Functionalized Thallium Antimony Films as Excellent Candidates for Large-Gap Quantum Spin Hall Insulator

TL;DR

This paper predicts functionalized TlSb monolayers as large-gap quantum spin Hall insulators with tunable properties, suitable for spintronics and quantum computing applications.

Contribution

It introduces a new class of large-gap QSH insulators in functionalized TlSb monolayers with tunable electronic properties and stability on BN substrates.

Findings

Bulk gaps as large as 0.22-0.40 eV identified.

QSH states confirmed by Z2 invariant and edge states.

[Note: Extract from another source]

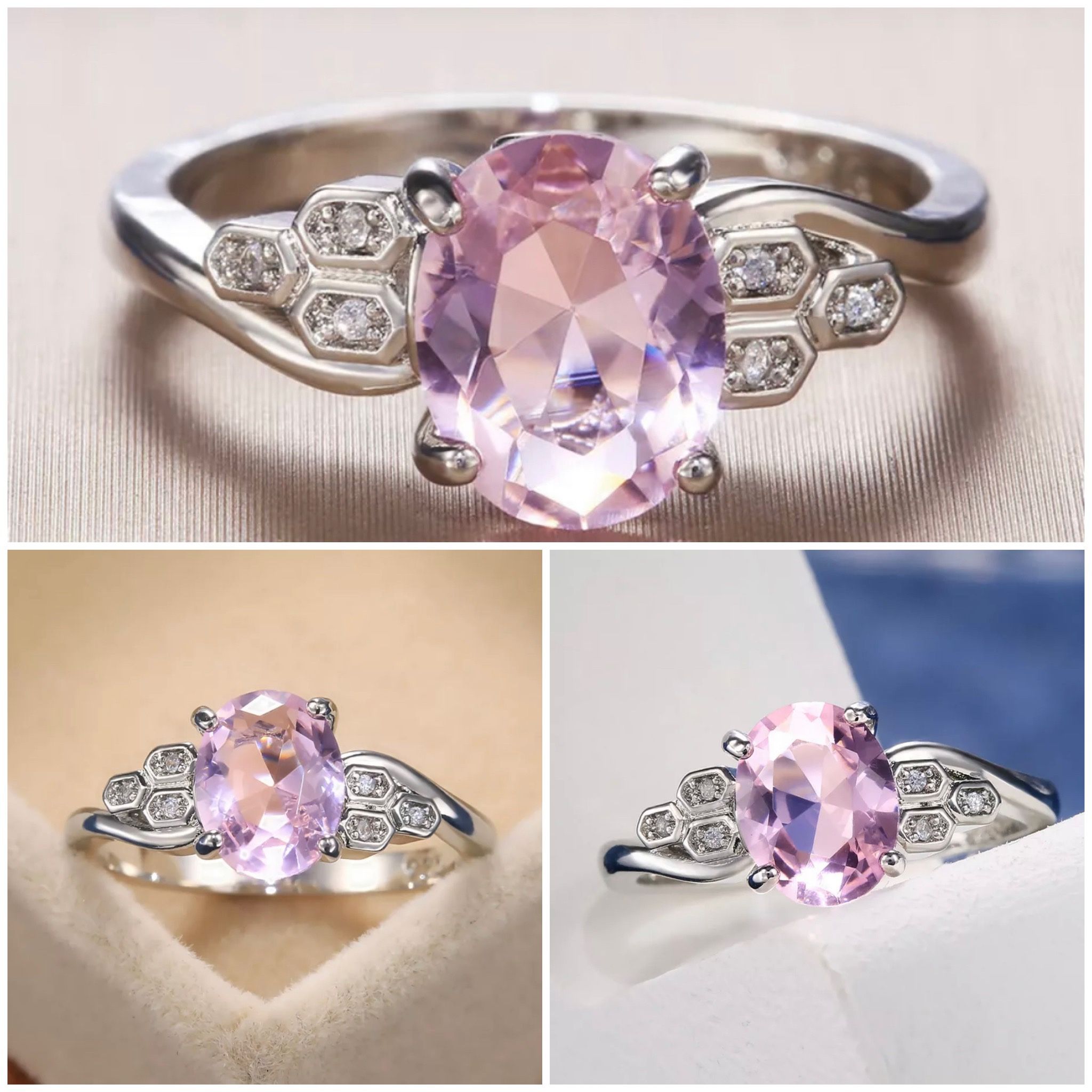 Sterling silver rings size 7- 10 $20 each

Electric field and strain can tune the band gap.

Abstract

Group III-V films are of great importance for their potential application in spintronics and quantum computing. Search for two-dimensional III-V films with a nontrivial large-gap are quite crucial for the realization of dissipationless transport edge channels using quantum spin Hall (QSH) effects. Here we use first-principles calculations to predict a class of large-gap QSH insulators in functionalized TlSb monolayers (TlSbX2; (X = H, F, Cl, Br, I)), with sizable bulk gaps as large as 0.22~0.40 eV. The QSH state is identified by Z2 topological invariant together with helical edge states induced by spin-orbit coupling (SOC). Noticeably, the inverted band gap in the nontrivial states can be effectively tuned by the electric field and strain. Additionally, these films on BN substrate also maintain a nontrivial QSH state, which harbors a Dirac cone lying within the band gap. These findings may shed new light in future design and fabrication of QSH insulators based on two-dimensional honeycomb lattices in spintronics.